My friend said to the librarian with a sigh, “Well, give it a try.”
About half an hour later, my friend noticed that she had received an email from the library. “Oh, good,” she thought, “maybe they got the book back.” But when she opened the email, she saw that it was actually a notice asking her to return a book she had checked out that another library user wanted. Yes, it was the same book she had just requested to have recalled. Yes, she was the one who had checked the book out in the first place.
If that story sounds funny, it might be because it’s familiar to you. Most of us have had an experience of discovering that we have been – so to speak – chasing our own tails. I remember an experience I had, back when cell phones were still a new thing, of trying to program my new phone to accept calls forwarded from my old phone number. I kept trying to set up the system, but every time I tested it, I was interrupted by my cell phone ringing. With some exasperation, I would interrupt my work to answer the call, but I kept being frustrated because when I accepted the call there was no one there. I did this three times before I realized that the phone calls were actually coming from me. I was the one calling myself, of course, as I was testing to see if the calls were being forwarded. I had been the dog chasing its own tail.
Experiences like that can be unnerving, and a bit embarrassing, but I want to argue that they can also serve a very useful purpose. Sometimes, being caught in a feedback loop like this can bring a moment of insight. It can be a moment when we discover the need to change a fault in ourselves that we have overlooked or ignored until the moment we find ourselves chasing our own tail.
My friend the professor discovered that her habit of piling up library books on her desk until she didn’t even know which books she had – could be a real nuisance to other people. She didn’t notice it until she became her own victim. I discovered that I am too easily frustrated and feel aggrieved when I think someone is interrupting me.
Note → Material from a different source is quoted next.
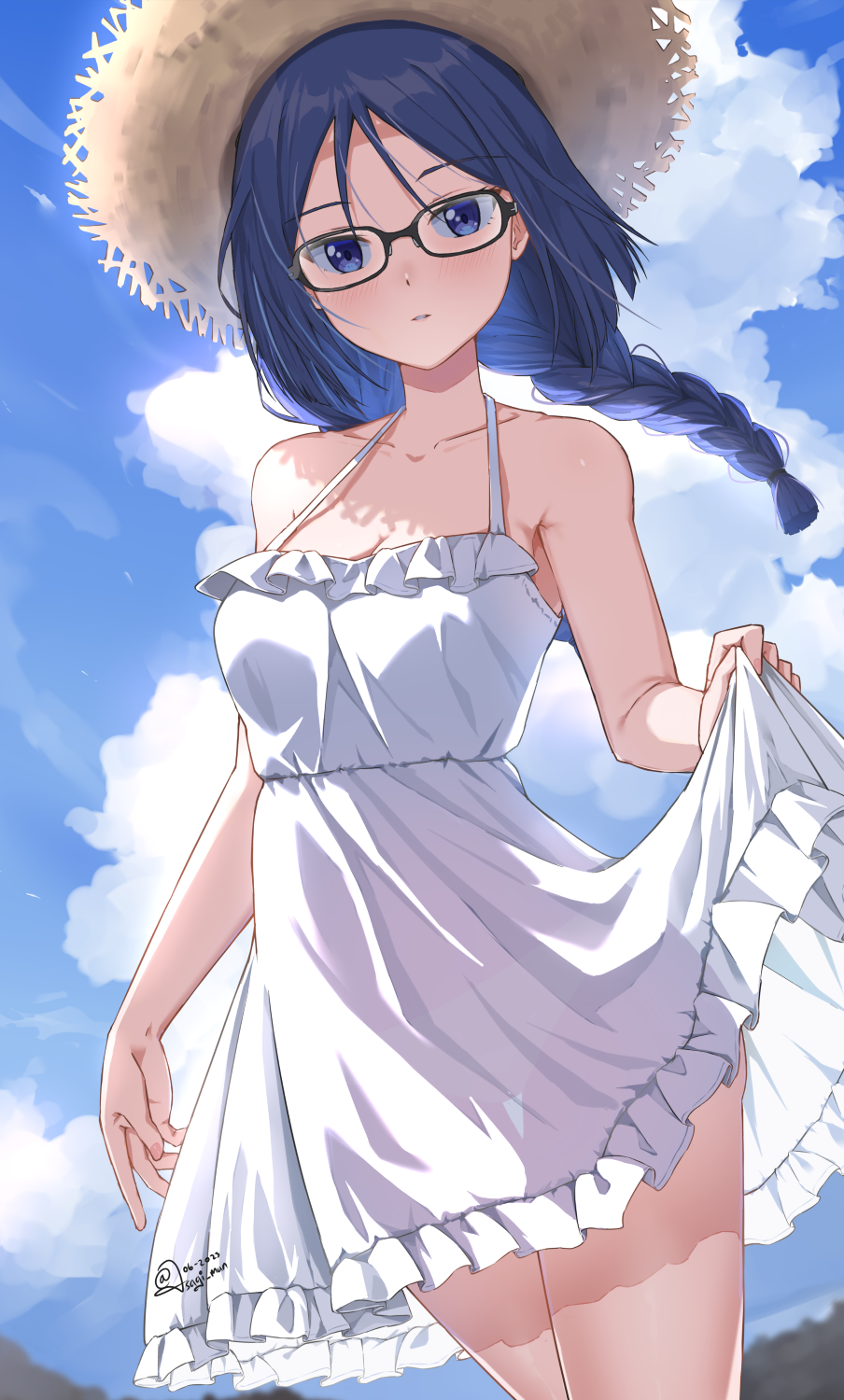 1girl alice_gear_aegis as4gi bare_arms bare_shoulders black-framed_eyewear blue_eyes blue_hair blue_sky braid breasts brown_headwear closed_mouth cloud collarbone cowboy_shot day dress frilled_dress frills glasses hat highres long_hair looking_at_viewer medium_breasts momoshina_fumika outdoors parted_lips see-through signature single_braid skirt_hold sky sleeveless sleeveless_dress smile solo straw_hat sundress thigh_gap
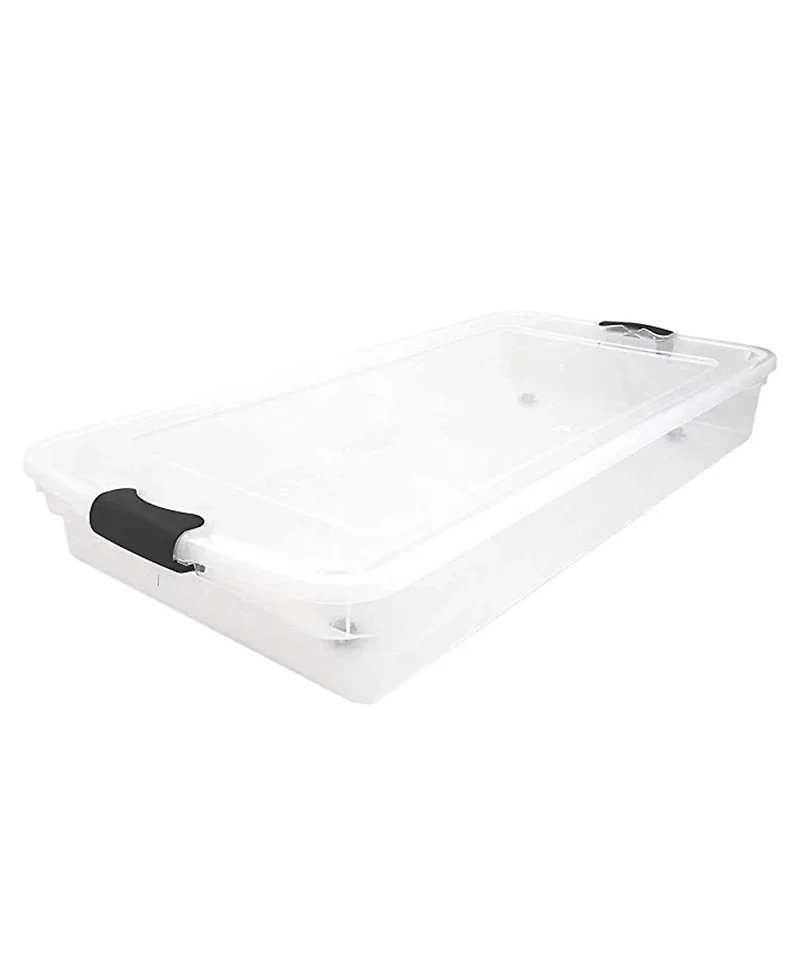 Homz 60 Quart Underbed Storage Container Bins with Latching Lid, Clear (2 Pack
I didn’t notice it until I put myself in the unusual position of interrupting myself.
Here’s another story like this – a less happy story. Bob (not his real name, not a member of this congregation) was a young, ambitious attorney in a medium-sized law firm. He was married with two young children, but he spent up to 60 hours a week working, often late into the night. He did this because he was determined to make a good impression on his bosses with the goal of making partner within a few years.
Most weeks, Bob only saw his kids on weekends because they were usually in bed by the time he got home from work. His wife complained that they never had time to relax together, or even to make plans, because of his work schedule. In Bob’s mind, though, it was all worth it because, once he made partner, he would have a lot more time to spend with his wife and kids.
Bob got passed over for promotion time and again. He never made partner. After five years, he left in frustration and started on his own as a sole practitioner. He actually found that he was happier practicing law that way because he had no one to impress but himself and he was kinder to himself and his family in the way he spent his time with them.
It was not until Bob had been working on his own for a few years that he heard a second-hand story at a dinner party about a young lawyer who had been passed over for promotion at his old firm – because nobody liked him. The person Bob met at the party told him a story she had heard about a lawyer who was always seen as ambitious and hard-working, but who didn’t take the time to cultivate friendships, give other people credit for their work, or let his coworkers get to know him as a person. He never talked about his wife and kids. It seemed like he barely knew them.
On hearing this story, Bob unmistakably recognized that the story was about himself. He was the one who had cut himself off from his own success by cutting himself off from the things in his life that made him a happy, likable person. It took the experience of – so to speak –unexpectedly bumping into himself at a dinner party that made him realize what he had done wrong.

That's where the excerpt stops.